_Records for the exercise:_
──────────────────────────────
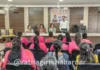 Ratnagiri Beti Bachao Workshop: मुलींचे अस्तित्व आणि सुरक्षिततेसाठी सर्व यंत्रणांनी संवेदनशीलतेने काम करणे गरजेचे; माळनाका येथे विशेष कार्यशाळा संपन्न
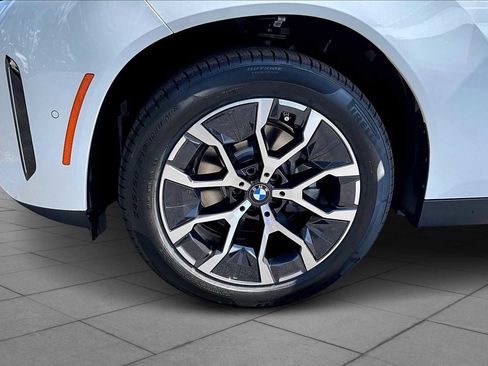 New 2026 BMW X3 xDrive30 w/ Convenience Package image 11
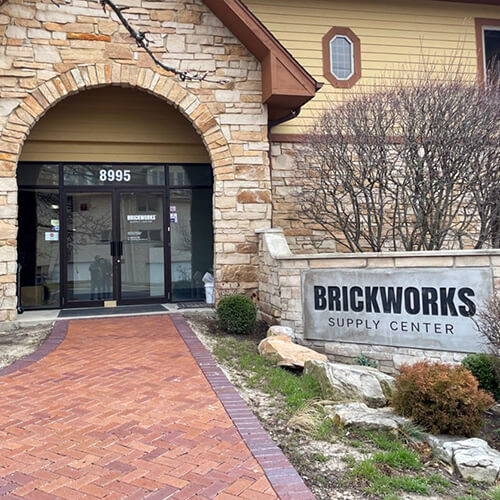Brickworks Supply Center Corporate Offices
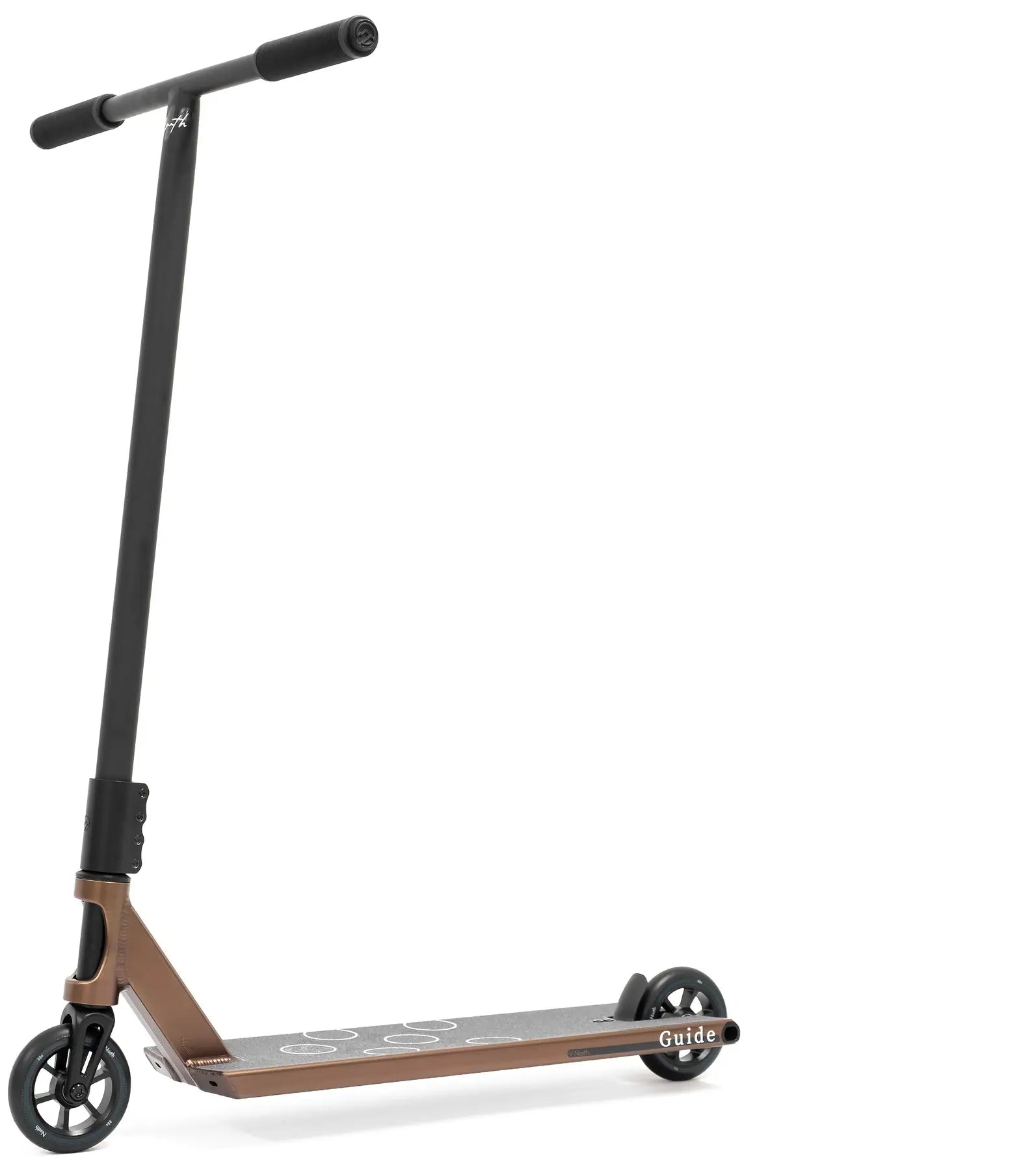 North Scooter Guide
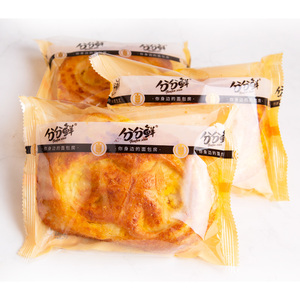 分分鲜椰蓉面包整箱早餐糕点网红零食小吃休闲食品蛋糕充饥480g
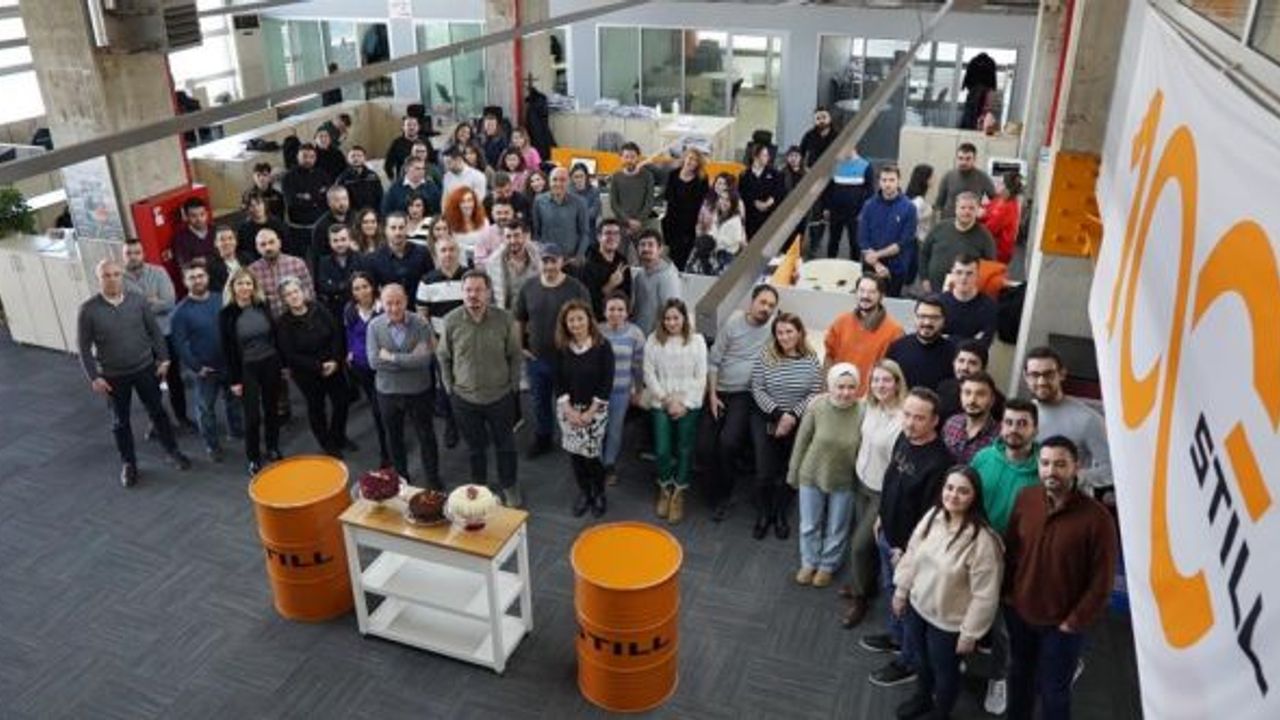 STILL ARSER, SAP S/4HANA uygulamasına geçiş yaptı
──────────────────────────────
_Your assignment:_
Omit the pictures and give the material again, exactly and in full.

_Output for this exercise:_
 Ratnagiri Beti Bachao Workshop: मुलींचे अस्तित्व आणि सुरक्षिततेसाठी सर्व यंत्रणांनी संवेदनशीलतेने काम करणे गरजेचे; माळनाका येथे विशेष कार्यशाळा संपन्न
 New 2026 BMW X3 xDrive30 w/ Convenience Package image 11
Brickworks Supply Center Corporate Offices
 North Scooter Guide
 分分鲜椰蓉面包整箱早餐糕点网红零食小吃休闲食品蛋糕充饥480g
 STILL ARSER, SAP S/4HANA uygulamasına geçiş yaptı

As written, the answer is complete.